## Task data

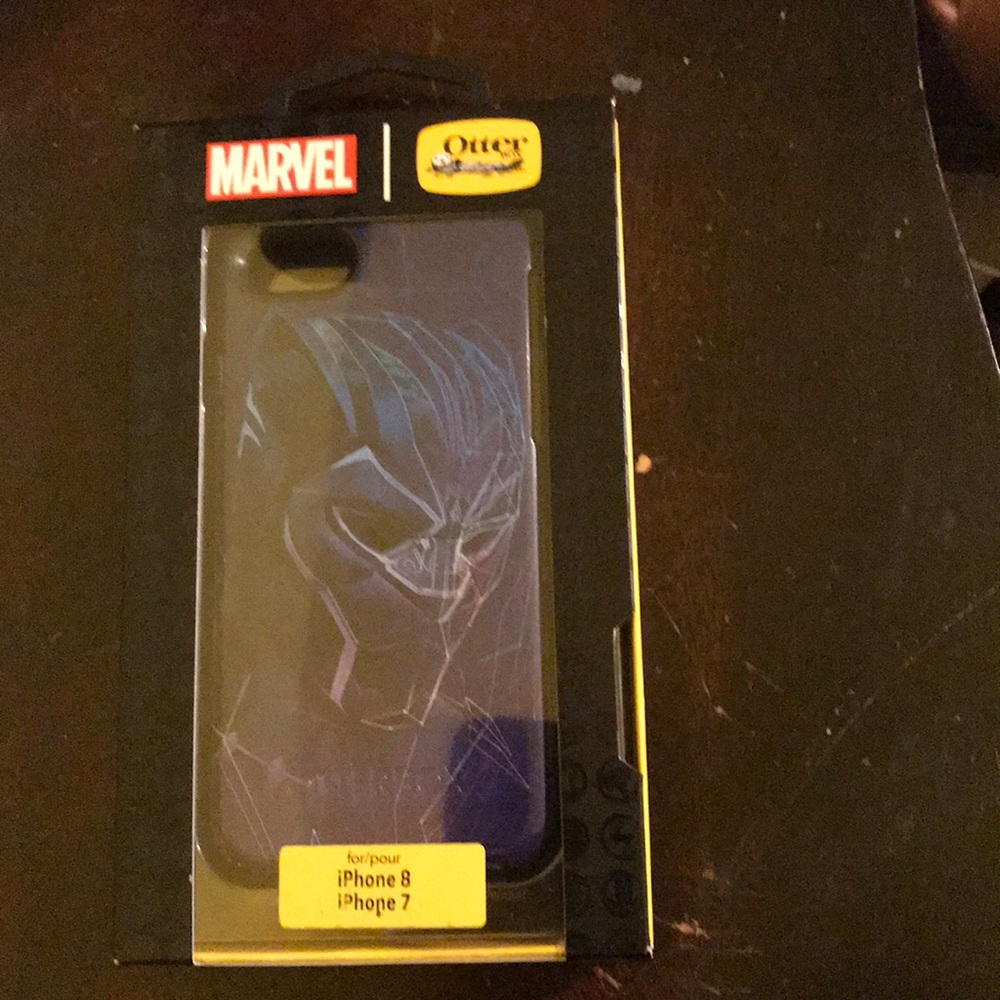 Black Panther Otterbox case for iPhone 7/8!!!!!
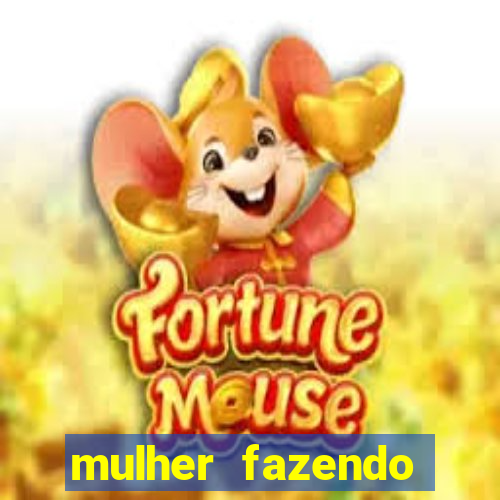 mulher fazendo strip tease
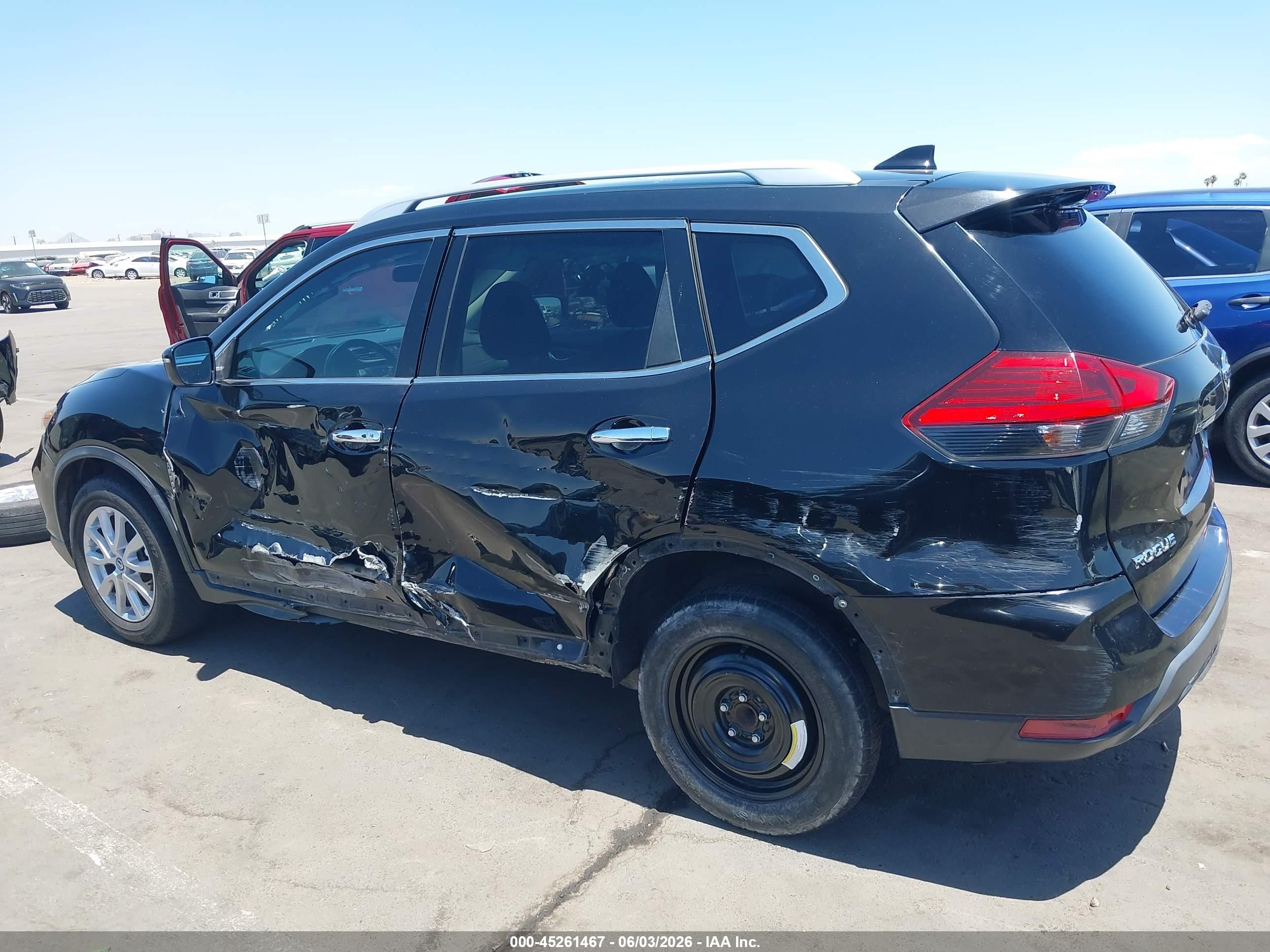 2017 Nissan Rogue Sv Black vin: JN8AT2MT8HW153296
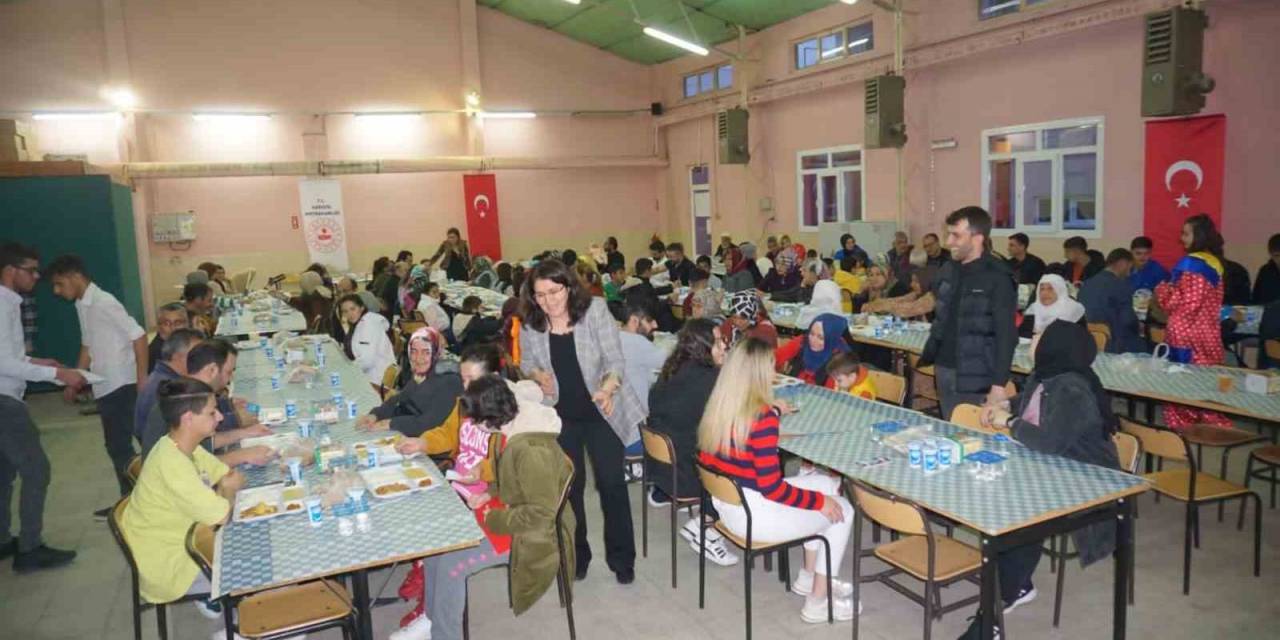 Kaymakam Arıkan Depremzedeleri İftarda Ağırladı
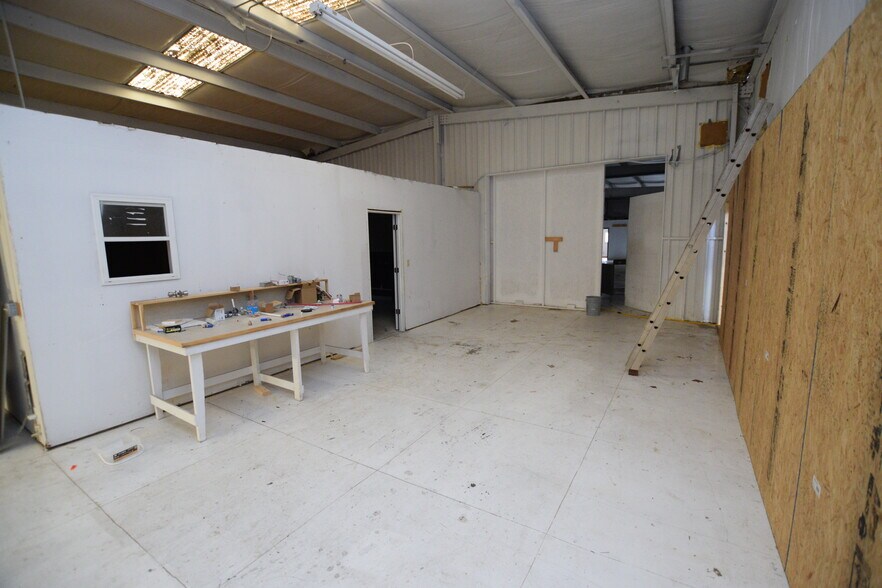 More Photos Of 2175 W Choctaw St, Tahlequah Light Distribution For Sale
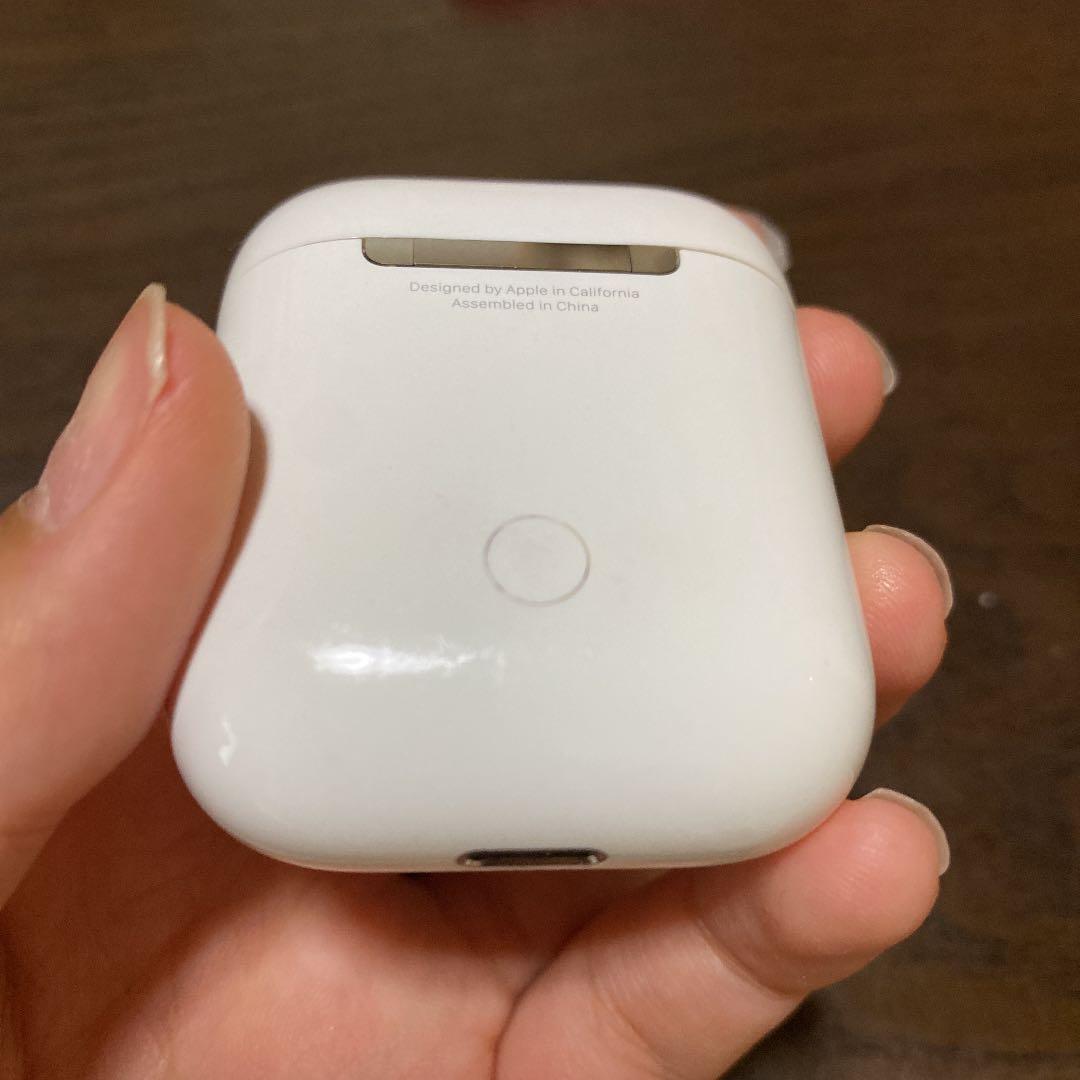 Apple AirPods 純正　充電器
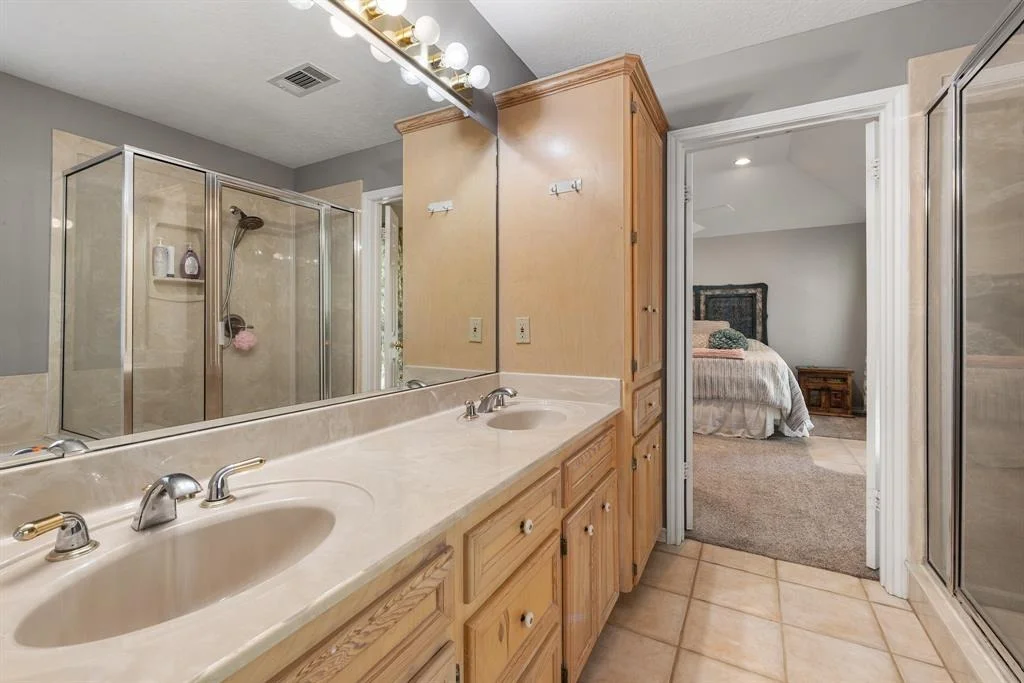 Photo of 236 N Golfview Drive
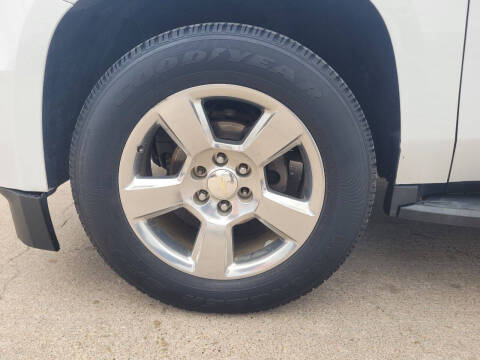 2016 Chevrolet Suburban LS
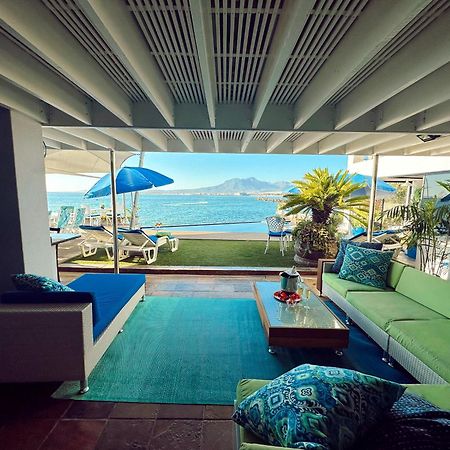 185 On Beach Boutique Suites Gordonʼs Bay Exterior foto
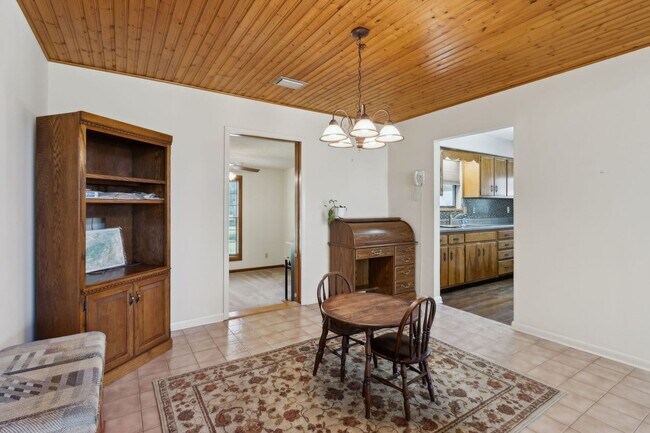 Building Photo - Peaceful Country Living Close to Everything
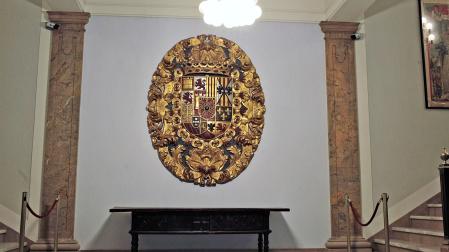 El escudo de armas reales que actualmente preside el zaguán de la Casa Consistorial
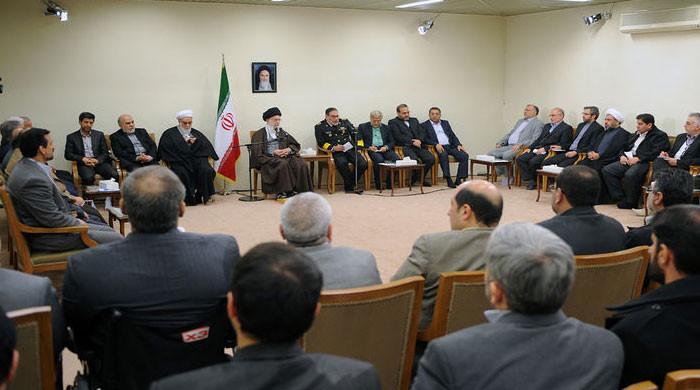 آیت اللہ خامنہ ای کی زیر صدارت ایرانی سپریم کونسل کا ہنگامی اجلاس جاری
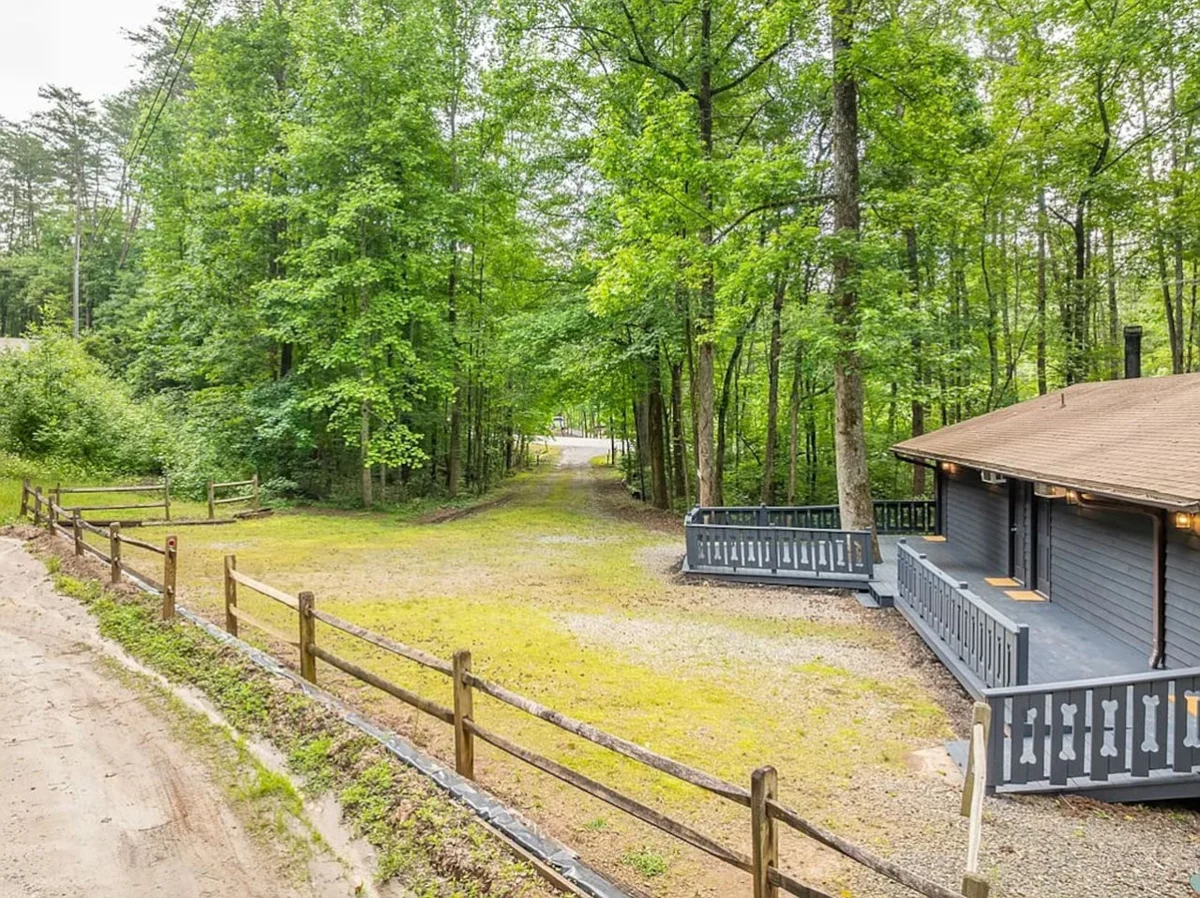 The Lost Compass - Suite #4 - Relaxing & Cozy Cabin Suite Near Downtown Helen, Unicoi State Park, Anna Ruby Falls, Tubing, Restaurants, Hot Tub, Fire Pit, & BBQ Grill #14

## Assignment
Repeat the preceding records exactly but drop the images.

## Problem solution
 Black Panther Otterbox case for iPhone 7/8!!!!!
 mulher fazendo strip tease
 2017 Nissan Rogue Sv Black vin: JN8AT2MT8HW153296
 Kaymakam Arıkan Depremzedeleri İftarda Ağırladı
 More Photos Of 2175 W Choctaw St, Tahlequah Light Distribution For Sale
 Apple AirPods 純正　充電器
 Photo of 236 N Golfview Drive
 2016 Chevrolet Suburban LS
 185 On Beach Boutique Suites Gordonʼs Bay Exterior foto
 Building Photo - Peaceful Country Living Close to Everything
 El escudo de armas reales que actualmente preside el zaguán de la Casa Consistorial
 آیت اللہ خامنہ ای کی زیر صدارت ایرانی سپریم کونسل کا ہنگامی اجلاس جاری
 The Lost Compass - Suite #4 - Relaxing & Cozy Cabin Suite Near Downtown Helen, Unicoi State Park, Anna Ruby Falls, Tubing, Restaurants, Hot Tub, Fire Pit, & BBQ Grill #14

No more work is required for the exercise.